A waxing crescent moon–sometimes called a “young moon”–is always seen in the west after sunset. At this moon phase, the Earth, moon and sun are located nearly on a line in space. If they were more precisely on a line, as they are at new moon, we wouldn’t see the moon. The moon would travel across the sky during the day, lost in the sun’s glare. Instead, a waxing crescent moon is seen one day to several days after new moon. It rises one hour to several hours behind the sun and follows the sun across the sky during the day. When the sun sets, and the sky darkens, the moon pops into view in the western sky.

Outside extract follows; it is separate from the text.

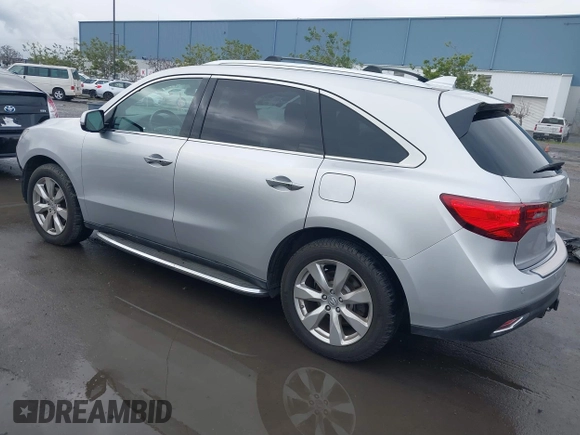 2014 Acura MDX Advance with VIN 5FRYD4H88EB036924, listed as a IAAI auction lot 41513713 with 133,133 mi miles and . Bid and sale history available at carsss.com. Image 3.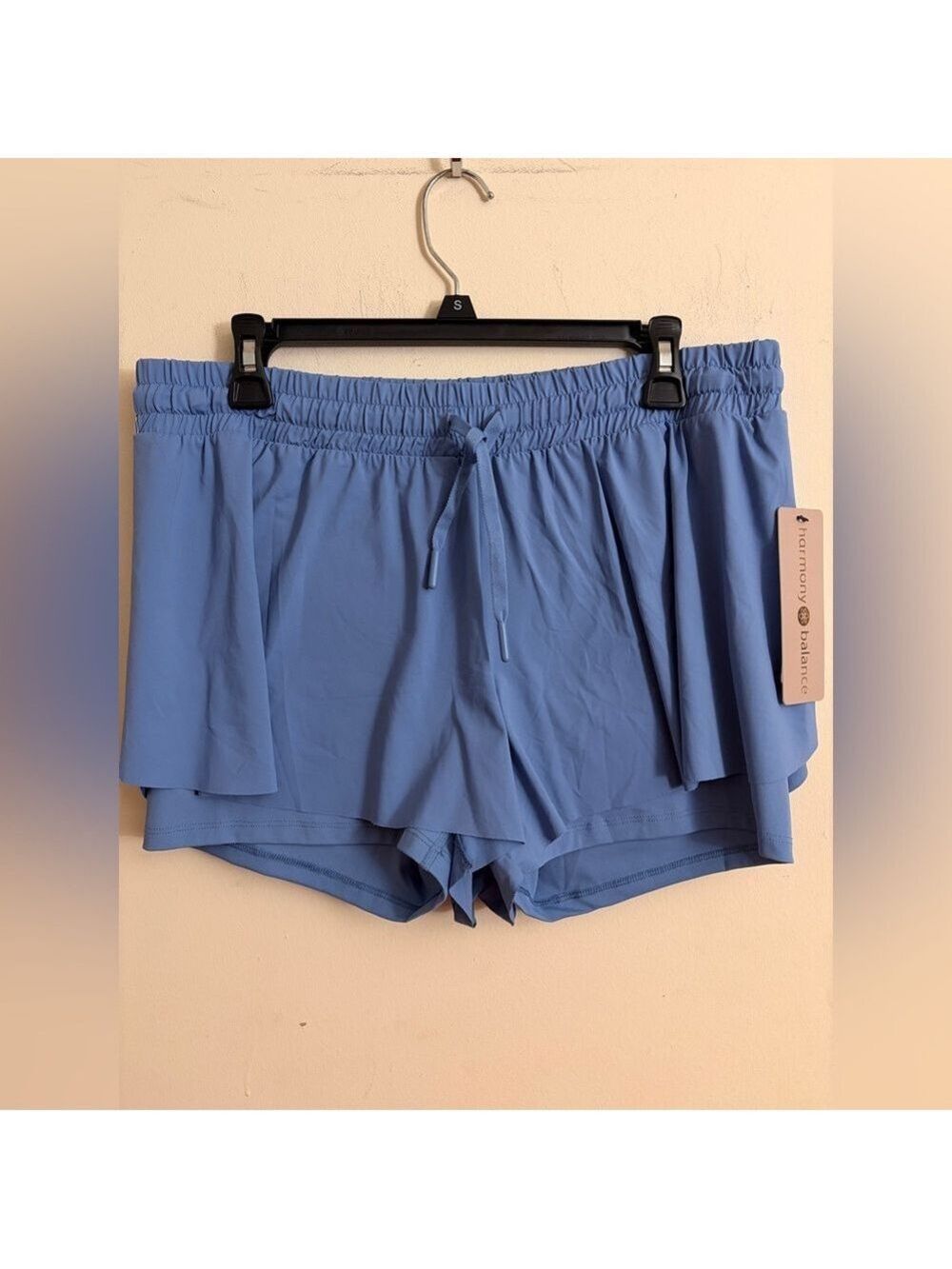 Harmony Balance 2 in 1 Flowy Athletic Shorts Size L NWT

Because the waxing crescent moon is nearly on a line with the Earth and sun, the “day side” is facing mostly away from us. We see only a slender fraction of the day side: a crescent moon. Each evening, because the moon is moving eastward in orbit around Earth, the moon appears farther from the sunset glare. Each evening, as the moon’s orbital motion carries it away from the Earth/sun line, we see more of the moon’s day side. Thus the crescent in the west after sunset appears to wax, or grow fatter each evening.
Note that a crescent moon has nothing to do with Earth’s shadow on the moon. The only time Earth’s shadow can fall on the moon is at full moon, during a lunar eclipse. There IS a shadow on a crescent moon, but it’s the moon’s OWN shadow. Night on the moon happens on the part of the moon submerged in the moon’s own shadow. Likewise, night on Earth happens on the part of Earth submerged in Earth’s own shadow.
You sometimes see a pale glow on the darkened portion (night side) of a crescent moon. This glow is due to light reflected from Earth’s day side. It’s called “earthshine.”